Projet déjà réalisé : l’Athénée Royal Riva Bella à Braine l’Alleud
Mise en situation
Dans un premier temps, nous allons parcourir assez brièvement la rénovation de l’Athénée Royal Riva Bella de Braine l’Alleud. La démarche de l’Atelier d’Alain Richard est proche de celle appliquée à l’Athénée Royal Liège1. Nous essaierons de trouver des similitudes dans les décisions prises pour ces deux rénovations, toujours en gardant à l’esprit que ce sont les façades qui nous intéressent, car cette rénovation de bâtiment scolaire a servi d’expérience pour entamer celle de l’Athénée Royal Charles Rogier Liège 1. Pour comprendre ce qu’implique la rénovation de l’Athénée Riva Bella, nous avons étudié le livre intitulé « Visions. Architectures publiques » qui est dédié à cette rénovation. Une étudiante de l’Université de Liège, a réalisé un travail de fin d’étude sur l’Athénée de Riva Bella, nous en prendrons également connaissance. Une documentation supplémentaire est apportée par une présentation de la pratique du réemploi en marché public initiée par Bruxelles Environnement et présentée par Jean-Philippe Possoz.

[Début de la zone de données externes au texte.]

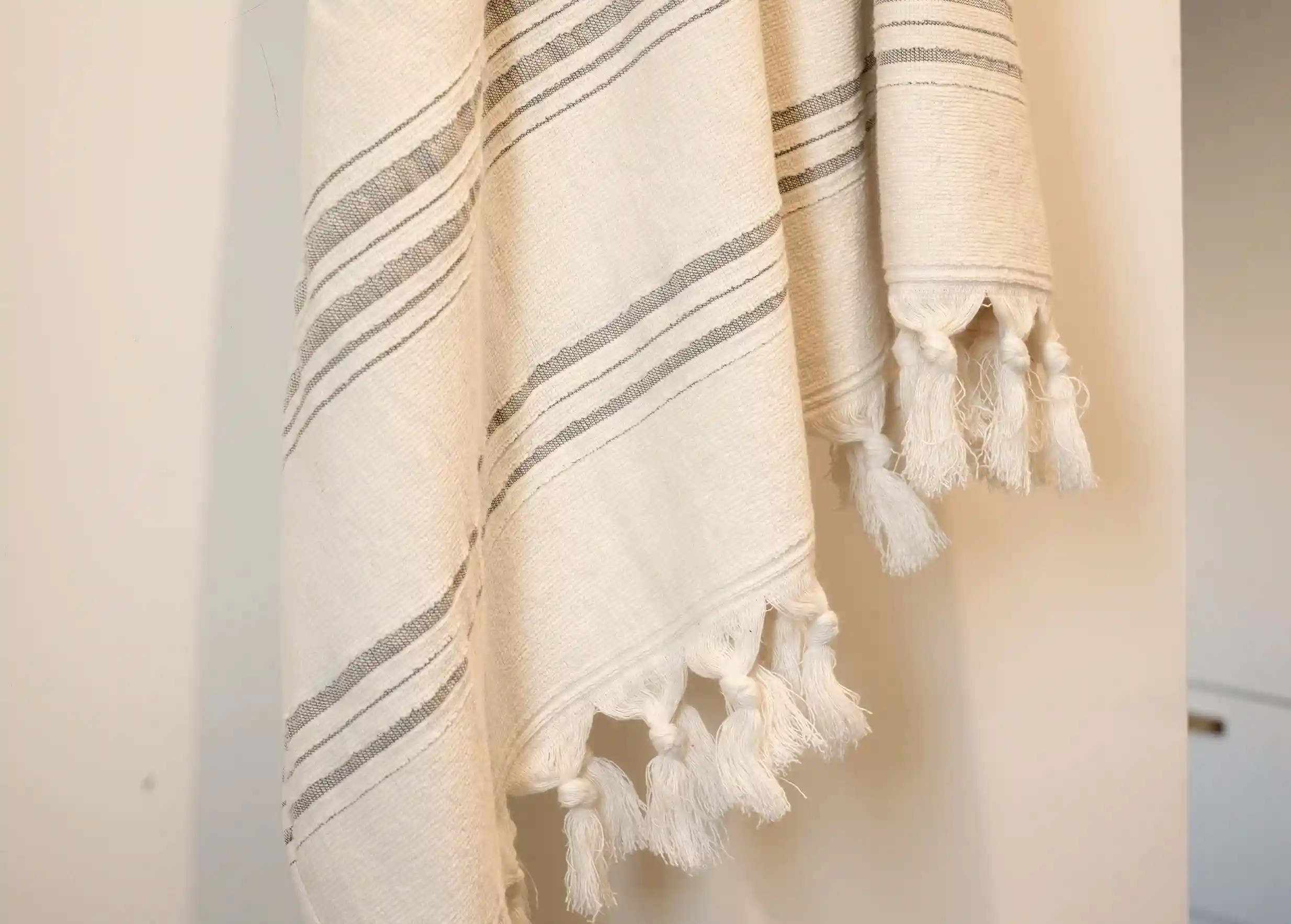Dolce Fouta au coloris Moonstone, vue de près, zoom sur les franges aux extrémités, nouées à la main, mur blanc d'arrière-plan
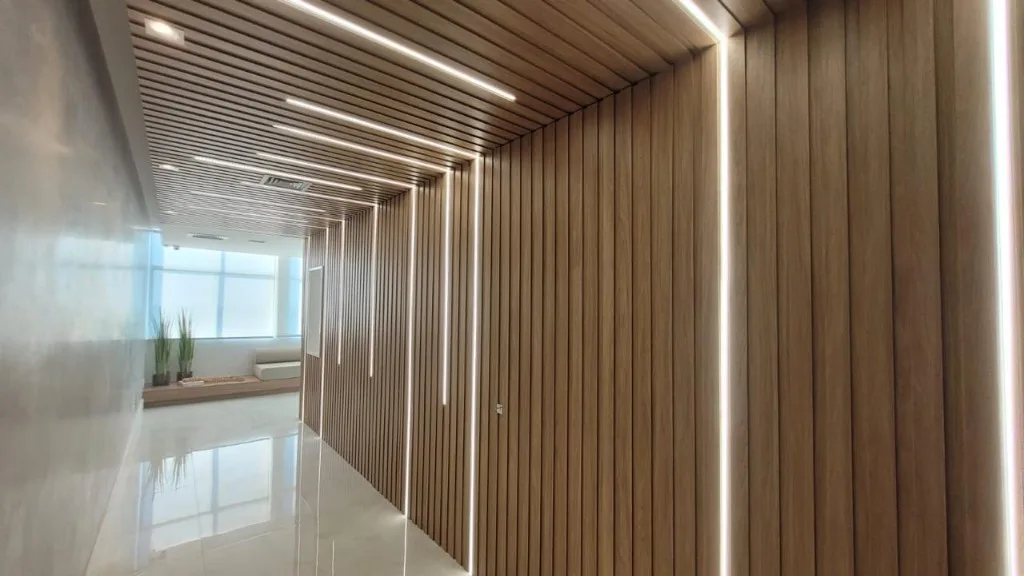 Corredor corporativo com painel ripado e iluminação integrada Verssato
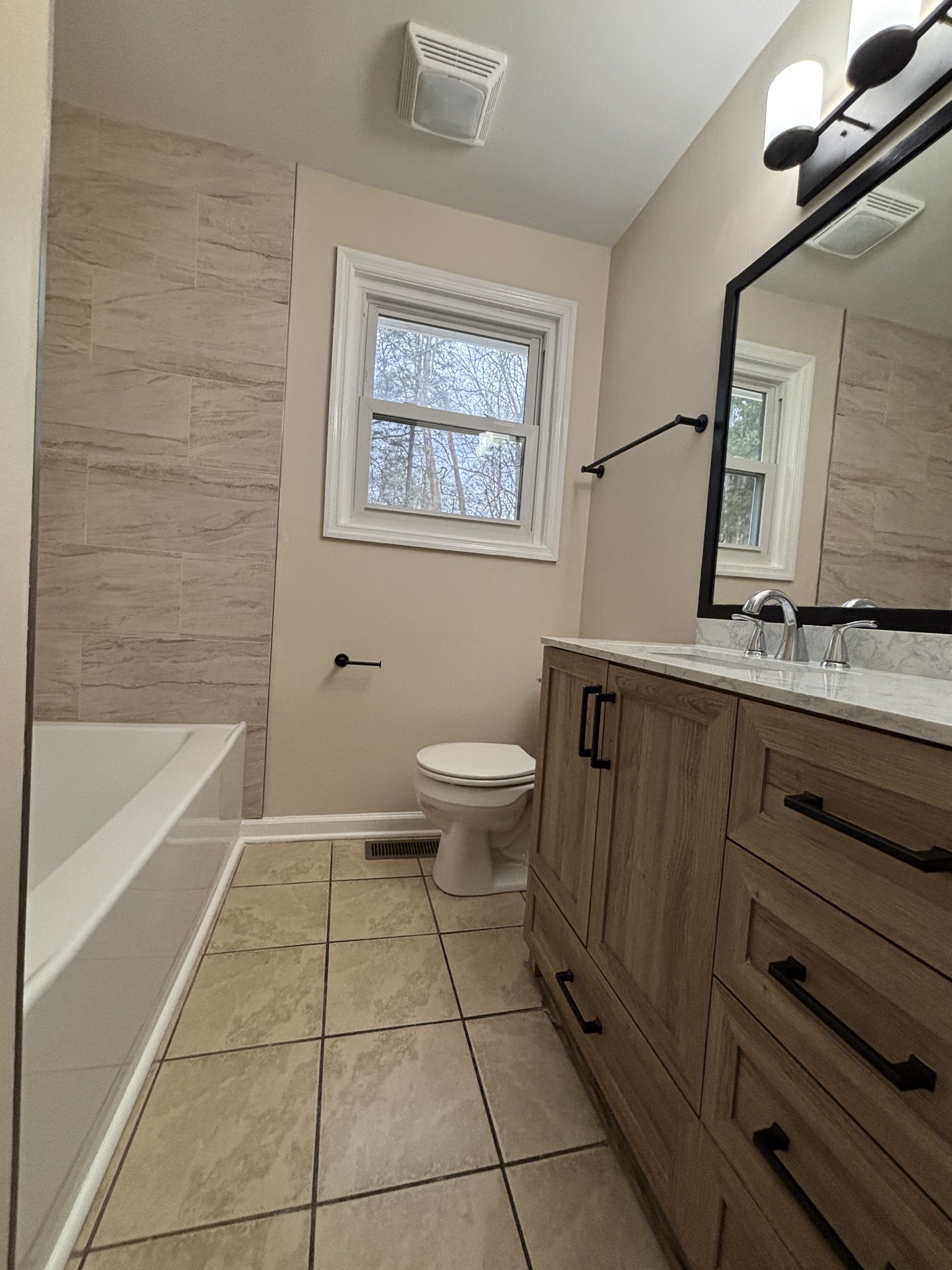 1830 Lowe Street Lewisburg, TN 37091 - Photo 15 of 22 a bathroom with a sink a toilet and bathtub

« Au moment de décider de l’intervention sur le BSP (Bâtiment Semi Préfabriqué), une forte conviction anime les concepteurs : la recherche d’une attitude pédagogique et culturelle ambitieuse. » .
Située à l’entrée d’un vaste espace végétal dédié à plusieurs bâtiments scolaires, l’athénée apparaît isolée. Il n’y a pas cette proximité du bâti comme nous le verrons à l’athénée Liège1 .
L’Athénée Riva Bella est un bâtiment semi-préfabriqué (BSP) implanté en longueur sur un axe nord-sud, avec une structure porteuse et des façades modulées préfabriquées. Le parti pris concernant les façades a été de donner un nouveau visage au bâtiment, en y intégrant des traces du passé, témoignage de l’ancien visible. Ils ont réhabilité les façades de façon économique en réutilisant ce qui pouvait l’être. Les pignons de briques sont conservés ainsi que la structure portante en béton. La façade Ouest a été retravaillée en y intégrant des loges qui ressortent. Du côté Est, de larges ouvertures et un vantail vertical pour chaque fenêtre permettent d’assurer un renouvellement d’air frais, et à la lumière de pénétrer généreusement.
Les matériaux utilisés pour la façade sont des tôles transparentes laissant apparaître la structure en bois qui les supporte, des capots intérieurs de protection des fenêtres réutilisés en bardages. D’autres éléments ont été réemployés tels que la terre qui sert de déblais d’un côté, remblais de l’autre côté du bâtiment, des briquaillons servant également de remblais, la structure du bâtiment, les sols (carrelages), les cloisons de séparation des locaux (modulaires) qui ont été démontées et reposées.
Sous forme d’un détournement, la façade reçoit les protections métalliques d’éléments porteurs intérieurs, rouillés, griffés et perforés. Il y a une volonté de conserver l’authenticité de ce qui a existé avant. En réutilisant les structures métalliques, 150 tonnes d’acier sont épargnés, soit une production de 650.000 kWh d’énergie de fabrication qui n’a pas dû être produite.
Les différentes étapes de déconstruction de la façade sont perceptibles car le bâtiment est inoccupé pendant les transformations, et la façade, complètement déposée. La façade Ouest est représentée sous le même angle pour montrer l’évolution de la déconstruction – reconstruction de celle-ci. Le premier acte de rénovation est de considérer l’existant comme potentiel de réutilisation. C’est ainsi que les murs de briques, les planchers, et les structures métalliques sont conservées. Nous pouvons faire le parallèle avec le schéma de Stewart Brand, les six « S ». Le site et la structure sont réemployés.